Evolution from Virtual Machine to Container

Virtual Machines (VMs) changed the way services are deployed to better optimize the use of hardware in a high availability environment. Traditional virtual machines were great for dividing the available hardware in a single bare metal machine into many smaller computer instances running on top of a hypervisor application used to organize the access of multiple VMs to the same physical hardware. There are, however, costs associated with this. The answer to some of these costs is containers.

VMs are expensive from an overhead and management perspective. The hypervisor can cost between 9-12% of processing overhead for the management, and the hardware resources, such as CPU and memory, that are needed by the VM must be reserved regardless of whether the VM is using them or not. If a VM needs more resources, they must be manually reallocated sometimes requiring a reboot of the VM. Containers and container software, such as Docker, containerd, or CRI-O, on the other hand remove much of this overhead by utilizing the host OS underlying kernel more directly just like any other application would be by running it directly on the host OS. Dependencies such as networking, environment configuration, filesystems, and many of the other features that an OS offers can be virtualized instead to provide a much smaller "virtual machine" to run the application in. The biggest benefits of these containers being much smaller and application specific is scalability, resiliency, and deployment speed.

Containers are very easily scalable if there is performance headroom available on the host.

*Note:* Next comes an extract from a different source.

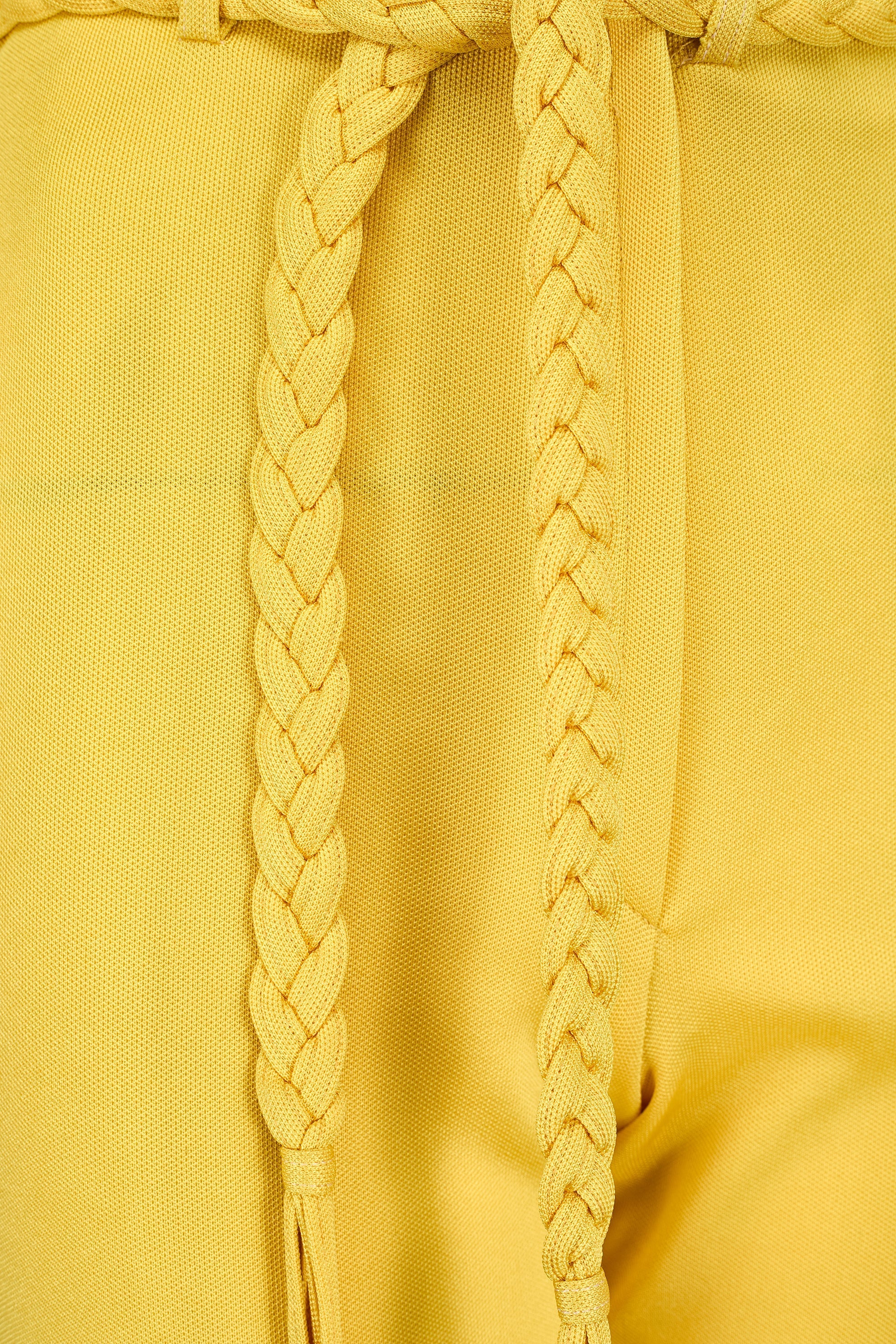 1970s Dana Yellow Jersey Crop Top and Trousers with Braid Detail - Image 13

Think of it like running multiple instances of a program on that host without having to worry about reconfiguring the ports, files, environment variables, etc. being used for each instance. With that level of manual configuration removed, the ability to launch more containers quickly becomes a simple exercise. (Deleted) Resiliency and high availability is supported by running multiple instances of the application in a load balanced fashion. If there is an issue with an application instance, it can be cycled out of the load balancing circulation and replaced with another new instance if needed. Deployment speed is what enables all of this.

Containers can provision and launch only a little slower than it would take for the application itself to start. This gives scalability and resiliency a tremendous advantage. However, containers do not scale all by themselves. Software is required to manage that scaling. That is where container orchestration comes into play.

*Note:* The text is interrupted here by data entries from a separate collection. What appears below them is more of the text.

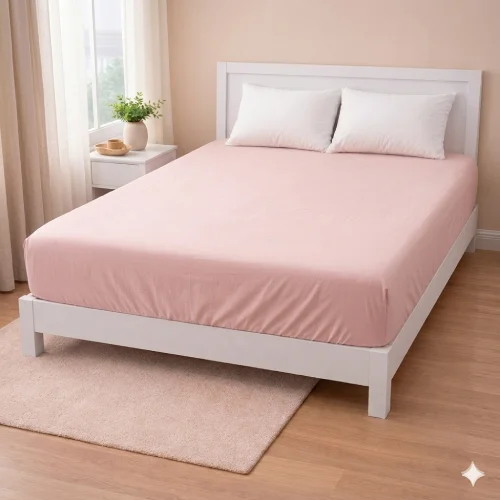 Lençol casal stilo casa bege rosa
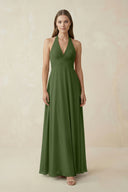 A-Line Pleated Chiffon V-Neck Bridesmaid Dress in Moss | KISSBRIDAL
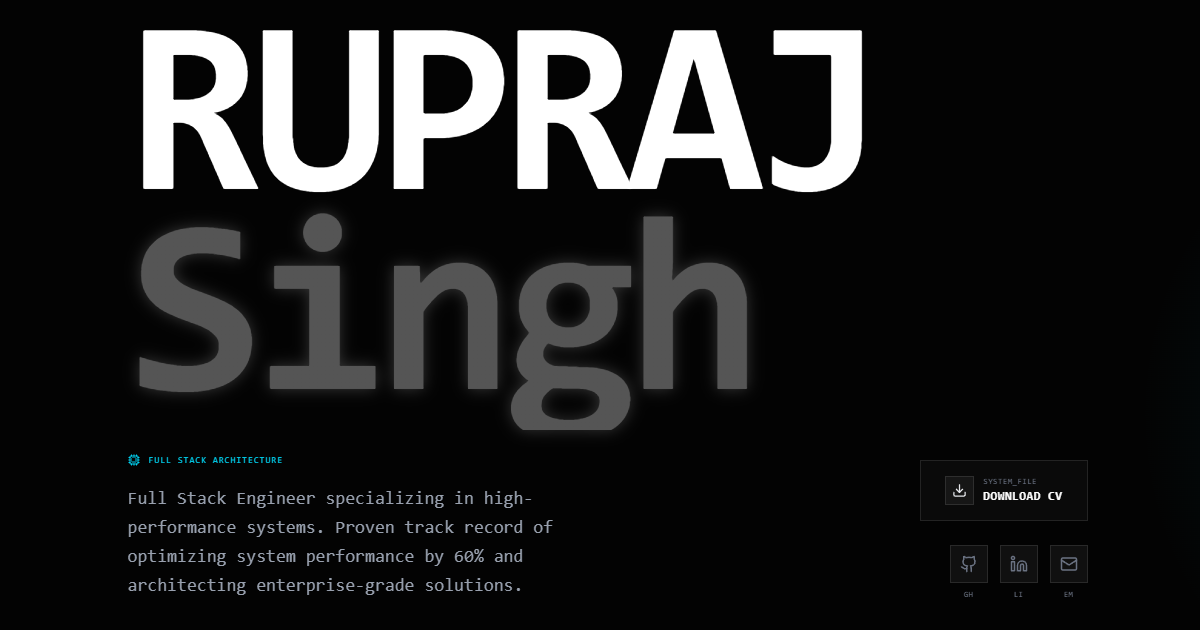 Rupraj Singh | Full Stack Software Engineer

Container orchestration is the crucial piece in making containers the application services deployment platform of the future. If the container is the individual instrument player, the container orchestrator is the conductor at the front of the orchestra. In a highly available, business critical deployment, redundancy is implemented at every level from the hardware to the software. Container orchestration software, such as native Kubernetes, Red Hat OpenShift, Azure Service Fabric, or AWS' Elastic Kubernetes Service, sit on top of and further extend the capabilities of a distributed hardware environment by managing the running containers and container access to services across multiple hosts, also known as nodes. These services could be networking, persistent disks, config storage, secret storage, etc. With this kind of feature set, scalability through containers and container orchestration is limited only by your access to hardware or cloud resources to support the deployments.

The promise of container orchestration is significant. In practice, converting applications to use containers and orchestration has many challenges to consider. Reliance on DevOps increases as teams can suddenly be responsible for maintaining more of the application services that would have been previously managed by System Operations (SysOps). For example, if a cache instance like Red is needs to be deployed, the deployment is generally configured through config files and scripts created by DevOps rather than SysOps performing a permanent install on a VM OS. The role of SysOps then shifts to monitoring and maintaining the underlying resources available to the orchestration software and the orchestration software itself.

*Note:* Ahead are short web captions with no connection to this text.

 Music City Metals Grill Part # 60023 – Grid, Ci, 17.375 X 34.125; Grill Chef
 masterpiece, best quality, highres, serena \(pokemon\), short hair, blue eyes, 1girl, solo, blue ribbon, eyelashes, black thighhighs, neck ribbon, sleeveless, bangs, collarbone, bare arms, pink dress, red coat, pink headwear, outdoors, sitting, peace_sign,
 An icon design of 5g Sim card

Containers have the potential to improve the performance, resiliency, and ease of management of your deployed application service in many ways. Nearly every cloud provider has their own flavor that integrates rather seamlessly with their ecosystems allowing for automatic scaling of cloud resources.

Some recommended places to start your development journey in practice are with Docker and MiniKube. Docker is a container build tool and offers a container runtime for almost every platform (Windows, Linux, Mac, x86,ARM, etc). MiniKube is a binary runtime for running a miniature Kubernetes environment available on almost every platform as well. With the support, growth, free availability, and potential benefits of containers, there are great opportunities to integrate this new technology as part of your stack.